И это элите до сих пор удается. Обратите внимание: каждый претендент на президентский пост, в том числе и из либерального лагеря, обращается к обществу не с обязательством пересмотреть традиционный принцип властвования, который за много веков и несмотря на разные формы правления, разное общественно-политическое устройство ничуть не изменился, а с обещанием проводить другую, нежели предшественник, политику или, наоборот, быть верным продолжателем его политики.
Итак, мой вывод: не патриархальные взгляды общества востребуют персоналистский режим, а персонализм консервирует патриархальные отношения в обществе и патриархальный взгляд общества на устройство власти.

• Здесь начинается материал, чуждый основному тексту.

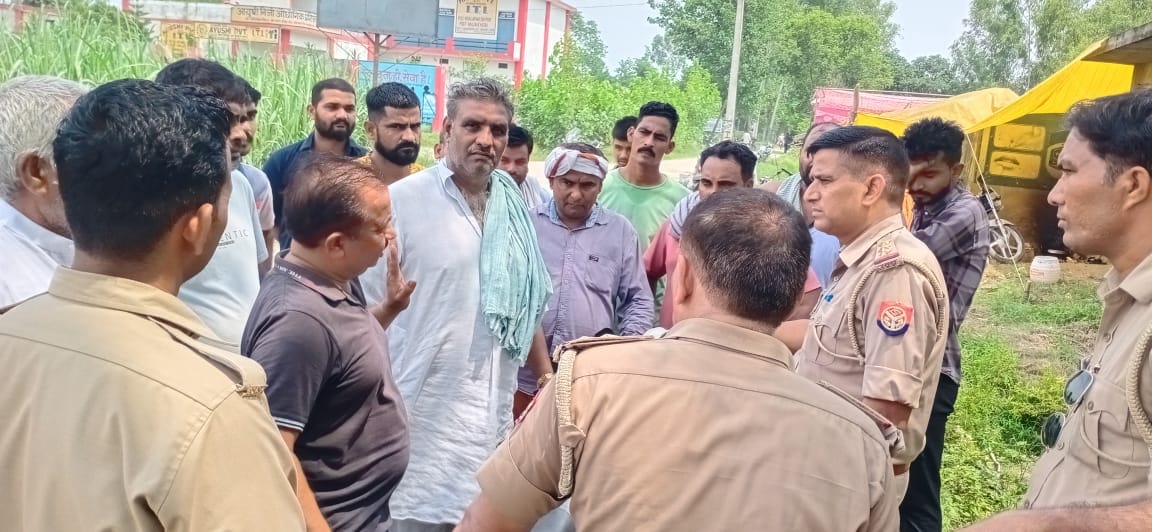 Conflict between police and Rajputs for putting up the board of Samrat Mihir Bhoj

Как же выскочить из этой ловушки? Полагаю, что с помощью часто используемого метода – аннигиляции. То есть персонализм может быть преодолен с помощью персонализма. Другими словами, в наших нынешних условиях, только обладая президентским постом и при этом высокой популярностью, лидер может инициировать изменение самих институциональных условий, продуцирующих персоналистский режим, т. е. перейти к модели организации публичной власти, которая бы, конечно, учитывала силу исторической инерции, но не в смысле потакания феодальным стереотипам, а в смысле нейтрализации их.

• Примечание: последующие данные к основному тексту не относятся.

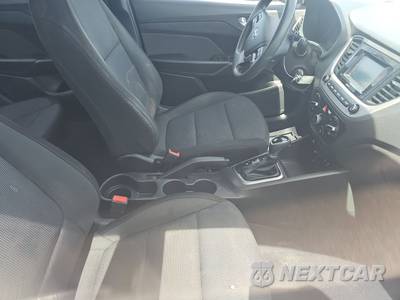 2020 Hyundai Accent SE - zdjęcie 8 z 22 - miniatura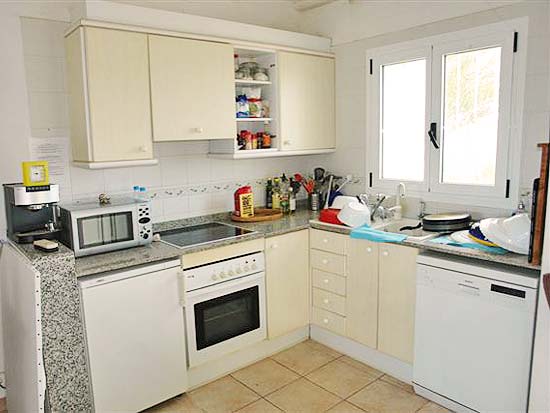Wat een heerlijke hoekbungalow voor maar 155.000 euro!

В таком случае логично поставить вопрос: что сегодня институционально мешает созданию механизма политического маятника с относительно небольшой амплитудой? Ведь модель власти, и шире – модель политической системы, закрепленная Конституцией Российской Федерации, не является какой-то уникальной. Российская модель принадлежит к типу смешанной, или полупрезидентской, или парламентско-президентской республики. Таких государств, например, в Европе не так уж и мало – более 10, в том числе Франция, Португалия, Хорватия, Польша, Словения, Украина.

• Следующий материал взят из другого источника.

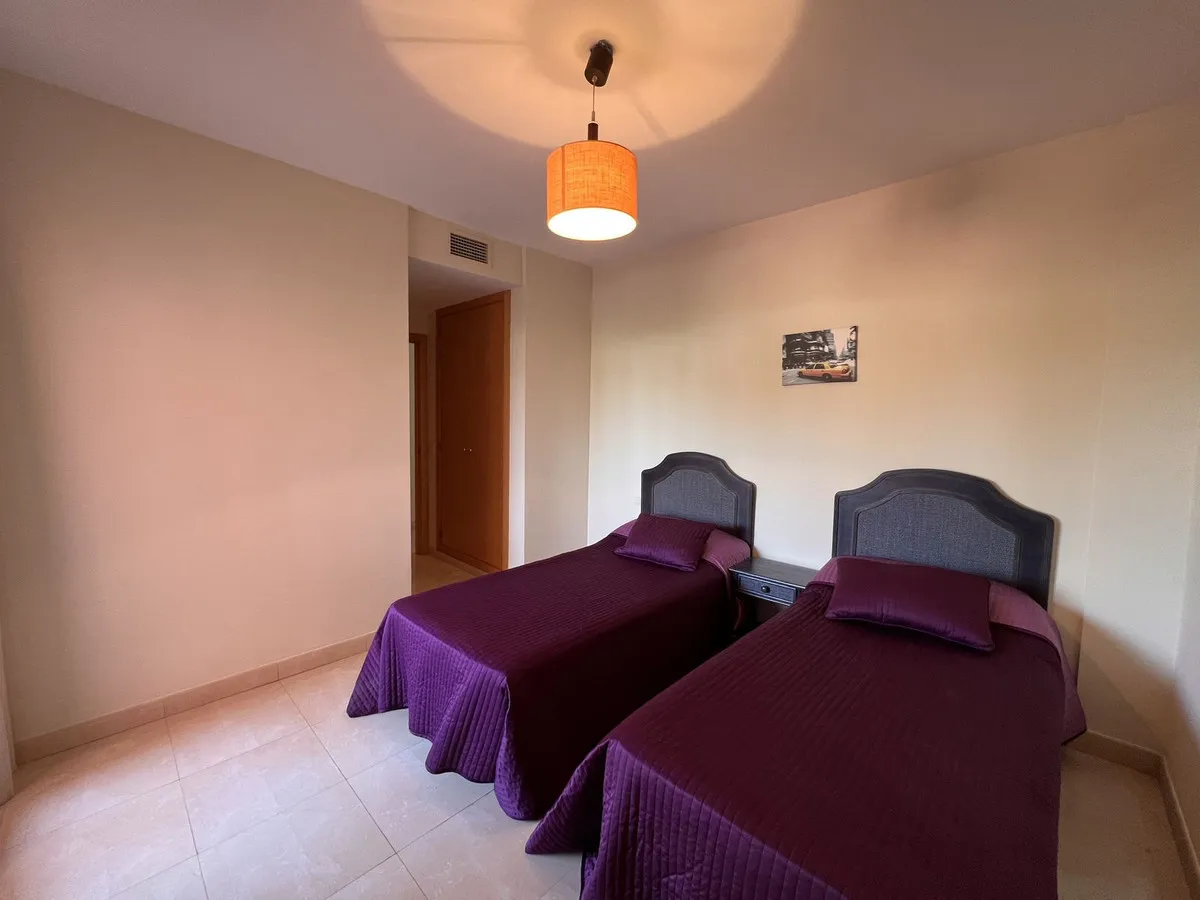 d4628519-7c94-40d2-86c8-f0353adaacf2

И хотя в каждой из этих стран есть своя модификация – некоторый крен либо к президентской модели, либо к парламентской, тем не менее, при всех особенностях, сохраняются главные институциональные признаки:
• наличие президента, избранного народом, т. е. имеющего собственный политический мандат;
• самостоятельная исполнительная власть, возглавляемая правительством, несущим ответственность как перед президентом, так и перед парламентом, включая рассмотрение последним вопроса о доверии;
• участие президента в формировании правительства;
• некоторая конкуренция полномочий между президентом и правительством;
• как правило, возможность роспуска парламента президентом для выхода из тупиков.
Все это в целом свойственно России. Свойственно, кстати, закономерно, ибо, как отмечается в научной литературе, «двуглавая» модель – президент и правительство – обычно рождается в ходе революционных событий или кризисов, когда на политической арене появляется харизматическая фигура лидера[11]. Но европейская практика показывает, что такая модель работает и в более спокойные периоды. Она, конечно, более сложная, чем иные модели, поскольку предполагает участие большего числа политических «игроков». Но в этом и ее преимущество, одно из которых – более широкие возможности для преодоления кризисных ситуаций. Другое дело, что, в силу сложности, модель эта требует, во-первых, четкого понимания и нормативного отражения того, чем является институт президента, и, во-вторых, ювелирно отточенного баланса полномочий. В том, как эти два обстоятельства отражены в нашей Конституции, и кроются главные проблемы.